Le vin et Bordeaux, toute une histoire qui fait de la préfecture girondine la capitale mondiale du précieux liquide. Alors que Bordeaux s’adonne ce week-end à la fête du vin, une facette moins connue du monde viticole mûrit doucement à l’ombre de la ville : la recherche scientifique. L’Institut Supérieur de la Vigne et du Vin (ISVV) ouvrira ses portes fin 2008. Bakchich a exhalé pour vous les saveurs cachées des dessous du grand institut du vin bordelais.

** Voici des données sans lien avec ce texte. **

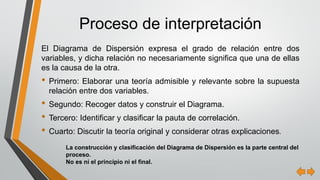 ElDiagramadeDispersiónexpresaelgradoderelaciónentredosvariables,ydicharelaciónnonecesariamentesignificaqueunadeellaseslacausadelaotra. 
•Primero:Elaborarunateoríaadmisibleyrelevantesobrelasupuestarelaciónentredosvariables. 
•Segundo:RecogerdatosyconstruirelDiagrama. 
•Tercero:Identificaryclasificarlapautadecorrelación. 
•Cuarto:Discutirlateoríaoriginalyconsiderarotrasexplicaciones. 
Proceso de interpretación 
La construcción y clasificación del Diagrama de Dispersión es la parte central del proceso. No es ni el principio ni el final.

Les stars affluent ce week-end au bord de la Garonne : Claudia Cardinale, Yamina Benguigui ou Charles Berling se délecteront, rive gauche, des plus grands millésimes bordelais. Pendant ce temps, plus en amont, sur le site de l’Inra à Villenave d’Ornon, le grand institut supérieur de la vigne et du vin (ISVV) fermente. 29,7 Millions d’euros de budget, un nouveau bâtiment de 10000 m² ultramoderne rassemblant la fine fleur de la recherche, de l’enseignement, de l’innovation et de la technologie vitivinicole, comme on dit dans le jargon œnologique.
Car, aussi étonnant que cela puisse paraître, Bordeaux a perdu le leadership – la direction pour les puristes – en la matière. Alain Rousset, président du Conseil régional, et battu aux dernières municipales par Alain Juppé, visitait le chantier le mois dernier : « Il manquait un lieu de rassemblement, la recherche autour du vin glissait vers d’autres régions, notamment celle de Montpellier ». Fichtre ! Bordeaux la Girondine doublée par la Languedocienne en matière de recherche viticole ? Principal initiateur du projet, le Conseil régional d’Aquitaine, qui finance l’ISVV à hauteur de 60%, n’a pas souhaité répondre à une question aussi « négative ». Il n’y pourtant pas lieu de rougir… Serge Delrot, chercheur à l’Inra et directeur de l’ISVV depuis mars 2006, nous a répondu sans détour : « C’était une décision politique nationale, prise par l’Inra il y a une vingtaine d’années. A Bordeaux, nous manquions de visibilité. Il fallait donc construire un grand institut pour répondre aux défis de demain ».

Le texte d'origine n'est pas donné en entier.